Spine Deform. 2018 Sep-Oct;6(5):600-606. doi: 10.1016/j.jspd.2018.01.012.
To report on the surgical learning curve in treating early-onset scoliosis with rib-based distraction.
The idea of a surgical learning curve proposes improved outcomes with experience. Early-onset scoliosis (EOS) is a challenging condition to treat and complication rates are high.
All patients from a single experienced spine surgeon's practice who had undergone placement of rib-based distraction constructs between 2002 and 2013 were identified. A retrospective chart review was performed to determine patient characteristics at implantation and follow-up surgeries and complications. The primary outcome was complication rate per surgical encounter. Experience was analyzed both by number of surgical procedures and year in study period.
The surgeon began using rib-based distraction in 2002, and between 2002 and 2013, a total of 101 patients underwent 1,009 implantation or expansion surgeries involving rib-based distraction at a median age of 6 years at implantation (10 months-9.4 years). The median preoperative Cobb angle was 67° (8°-125°; IQR: 57°-76°) and follow-up was a median of 4.4 years (IQR 3.7-5.6 years). Overall, 65.3% of patients experienced complications, including 40 Grade I, 20 Grade II, 126 Grade IIA, and 3 Grade III. Univariate analysis identified a trend toward cumulative number of surgeries relating to a decreased complication rate, with every 50 surgeries decreasing the complication rate by 3% (p = .071). However, multivariate analysis found cumulative number of surgeries and complication rate to not be significantly related (p = .12). Surgeon experience as measured by study time (as both a continuous and categorical predictor) did not achieve statistical significance in either the univariate or multivariate models.
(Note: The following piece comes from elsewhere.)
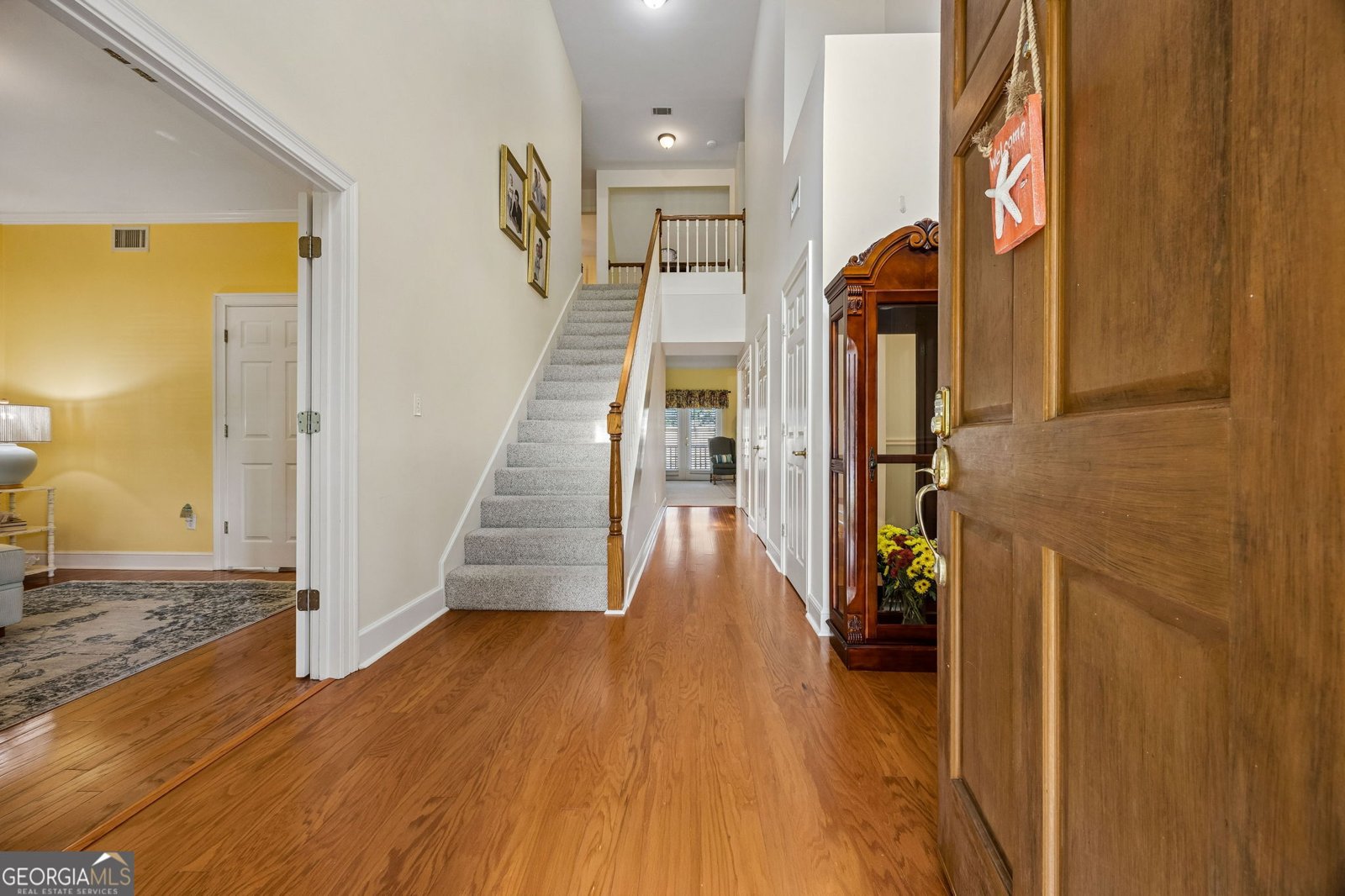 155 Shadow Wood Bend St. Simons - Photo 7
This is the largest single-surgeon series of EOS patients treated with rib-based distraction. Surgeon experience defined either as number of procedures or years of experience within the study period did not impact the rate of complications.
报告采用肋骨撑开技术治疗早发性脊柱侧凸的手术学习曲线。
手术学习曲线的概念表明,随着经验的积累,治疗效果会有所改善。早发性脊柱侧凸(EOS)是一种具有挑战性的疾病,并发症发生率很高。
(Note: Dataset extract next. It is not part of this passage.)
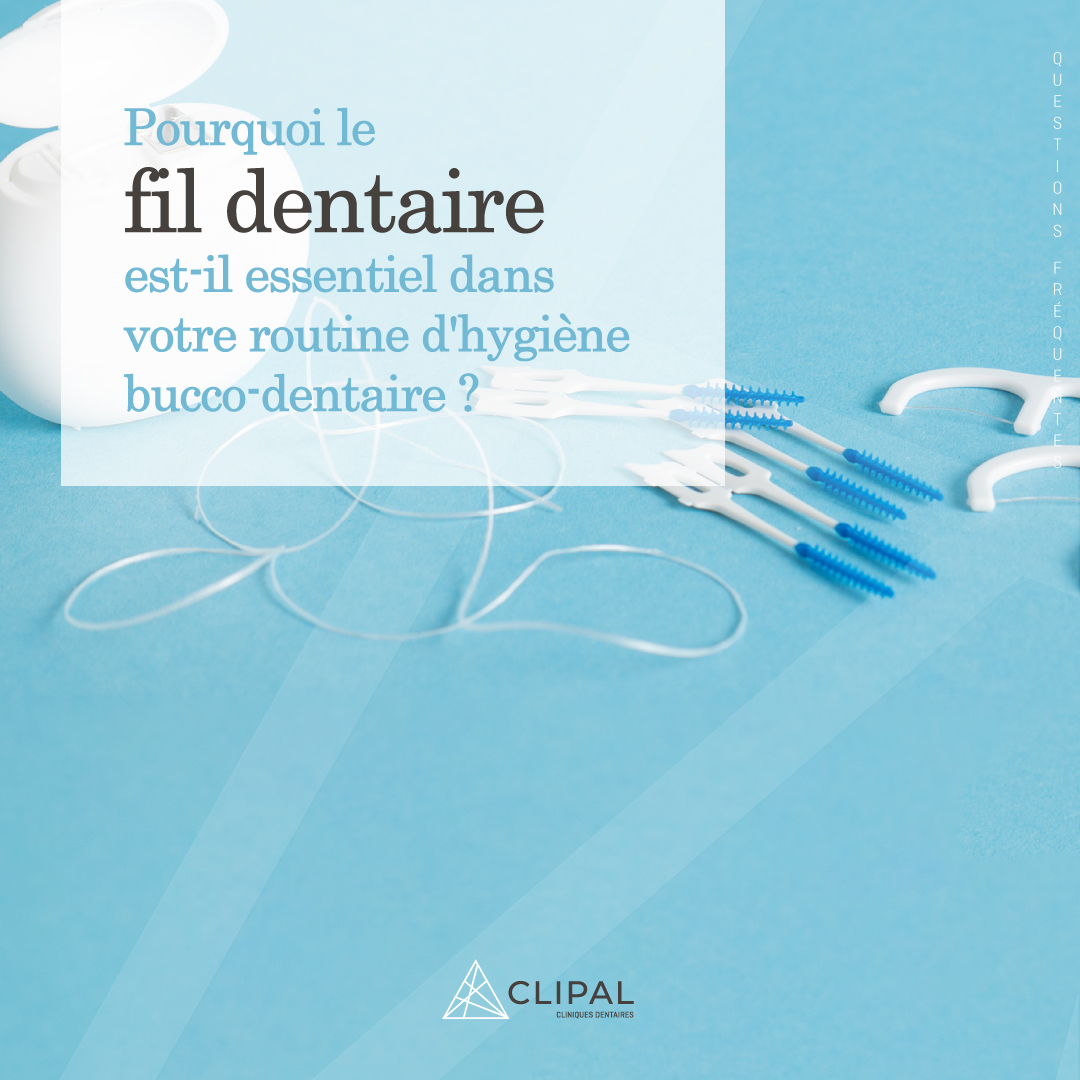 Pourquoi le fil dentaire est-il essentiel dans votre routine d’hygiène bucco-dentaire ?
确定了一位经验丰富的脊柱外科医生在2002年至2013年间为接受肋骨撑开器械植入手术的所有患者。进行回顾性病历审查,以确定植入手术和后续手术时的患者特征及并发症情况。主要结局指标是每次手术的并发症发生率。通过手术例数和研究期间的年份来分析经验。
该外科医生于2002年开始使用肋骨撑开技术,在2002年至2013年间,共有101例患者接受了1009次涉及肋骨撑开的植入或扩展手术,植入时的中位年龄为6岁(10个月至9.4岁)。术前Cobb角的中位数为67°(8°至125°;四分位间距:57°至76°),随访时间的中位数为4.4年(四分位间距3.7至5.6年)。总体而言,65.3%的患者出现了并发症,包括40例I级、20例II级、126例IIA级和3例III级。单因素分析发现手术累积例数与并发症发生率降低之间存在一种趋势,每50例手术并发症发生率降低3%(p = 0.071)。然而,多因素分析发现手术累积例数与并发症发生率并无显著相关性(p = 0.12)。以研究时间衡量的外科医生经验(作为连续和分类预测变量)在单因素或多因素模型中均未达到统计学显著性。
这是接受肋骨撑开技术治疗的EOS患者的最大单医生系列研究。在研究期间,无论是以手术例数还是经验年限定义的外科医生经验,均未影响并发症发生率。